The face of the drill pipe 24 surrounding the side port 46 is provided with a radially inwardly extending step or shoulder 48 which provides a seating face for the valve assembly 10 which, in this example, extends generally perpendicular to the longitudinal axis B of the side port 46. The shoulder 48 extends between an external portion 46a of the side port 46 which has a diameter greater than the outer diameter of the valve body 12 and valve seat 14, and an internal portion 46b of the side port 46 which has a diameter less than the outer diameter of the valve body 12 and valve seat 14 but greater than the diameter of the disc 20b of the valve member 20. The valve assembly 10 is therefore inserted into the side port 46 from the exterior of the drill pipe 42 until the valve seat 14 comes to rest on the shoulder 48.
The second portion 14b of the valve seat 14 is thus captured between the valve body 12 and the shoulder 48, and so the positioning of the valve seat 14 between the valve body and shoulder 48 serves as the mechanism for securely retaining the valve seat 14 in the valve assembly 10. Moreover, by tightening the screw thread between the valve body 12 and the drill pipe 42, a sufficient compressive force may be applied to the valve seat 14 to produce a substantially fluid tight seal between the valve assembly 10 and the drill pipe 42. In this example, this substantially fluid tight seal is provided by the engagement of the sealing element, O-ring 18, provided on the valve seat 14, with the shoulder 48. Thus, flow of fluid between the exterior of the valve assembly 10 and the face of the drill pipe 42 surrounding the side port 46 is substantially prevented.
In an alternative embodiment of the invention, the valve body 12 may be provided with a plurality (for example four) locking studs which each pass through a threaded aperture extending radially outwardly through the valve body 12 from the main passage to the exterior of the valve body 12. In this case, each locking stud is threaded and the interior end is provided with a head having a hexagonal recess which may be engaged with an Allen key.
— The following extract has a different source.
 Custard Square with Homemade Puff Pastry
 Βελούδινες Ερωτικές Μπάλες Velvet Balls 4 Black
To secure the valve assembly 10 to a drill pipe 42, the valve body 12 is inserted into the side port 46 with the locking studs retracted so that they do not extend beyond the exterior surface of the valve body 12. The valve body 12 is then rotated in the side port 42 to ensure that the locking studs are aligned with corresponding apertures provided in the wall of the side port, and an Allen key engaged with the head of each stud in turn and used to screw the stud into the apertures in the drill pipe 42. Removal of the valve assembly 10 from the side port is therefore prevented. It will be appreciated, however, that such locking studs may be provided in addition to a screw thread connection. It will be appreciated, appreciated that bolts, or any other appropriate fastening means could be used.
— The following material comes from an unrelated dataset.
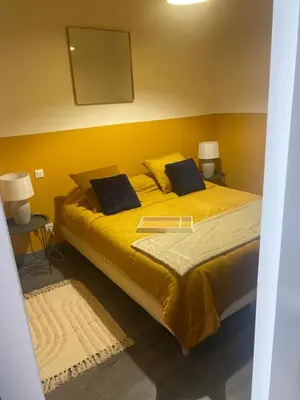 Un ou plusieurs lits dans un hébergement de l'établissement Escapade urbaine- Monchat- Lyon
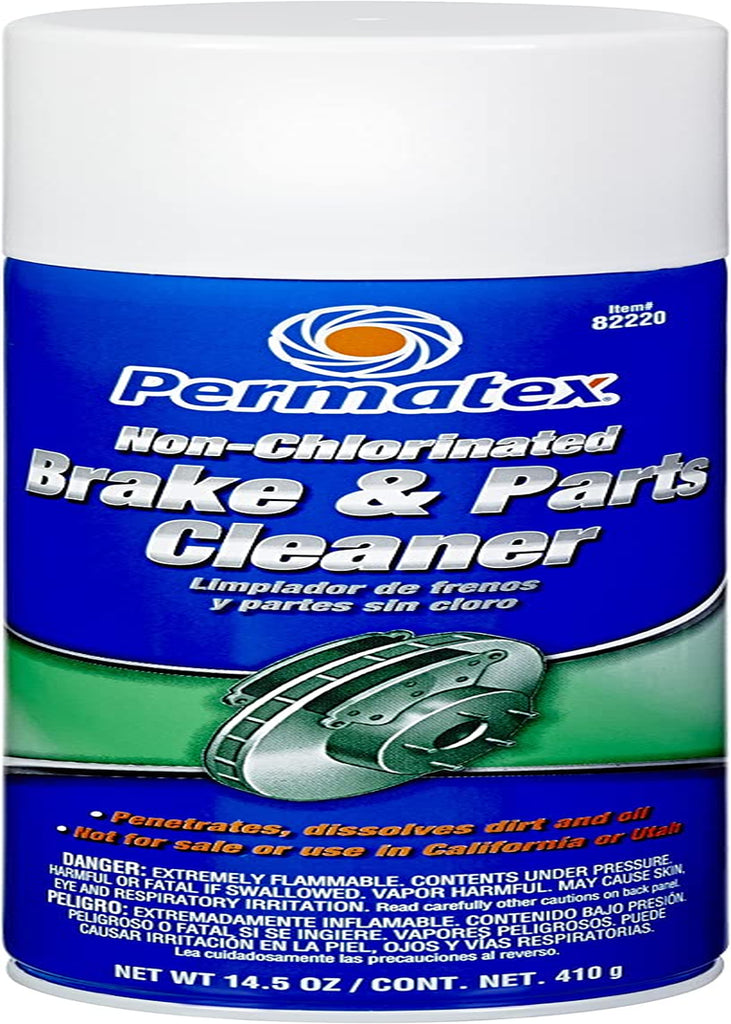 Permatex 82220 Non-Chlorinated Brake and Parts Cleaner, 14.5 Oz. Aerosol Can, Pack of 1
During the usual operational mode of the drill pipe there exists a pressure inside the main passage 44 of the drill pipe 42 that forces the valve member 20 against the seat face 16. To use the side port 42, the cap 30 is removed, Once the cap 30 is removed an adapter (not shown) provided with corresponding bayonet connector formations can be engaged with the lip formations 34 of the valve body 32. The adapter is provided with appropriate seals so that there will be a substantially fluid tight seal between the valve assembly 10 and the adapter. The seal could be a similar O-ring to the O-ring 40 on the cap 30 or a piston type seal which seal on the parallel cylindrical face of the first portion 14a of the valve seat 14 adjacent to the second seat face. Fluid pressure can then be supplied through this adapter into the main passage of the valve assembly, and this will start lifting the disc 20b from the seat face 16 once the applied pressure exceeds the internal pressure in the main passage 44 of the drill pipe 42 by an amount which is sufficient to overcome the biasing force of the spring 26 and. At this point the valve assembly is in the open position, and fluid will pass through the side port 42 into the main passage 44 of the drill pipe 42.
Once the flow is stopped, and the pressure in the adapter is reduced below the pressure in the drill pipe 42 the valve 20 will close. The spring 26 will always ensure that the valve is held in a closed position at all times when there is no pressure applied from the central of the drill pipe 42 and there is no pressure applied externally.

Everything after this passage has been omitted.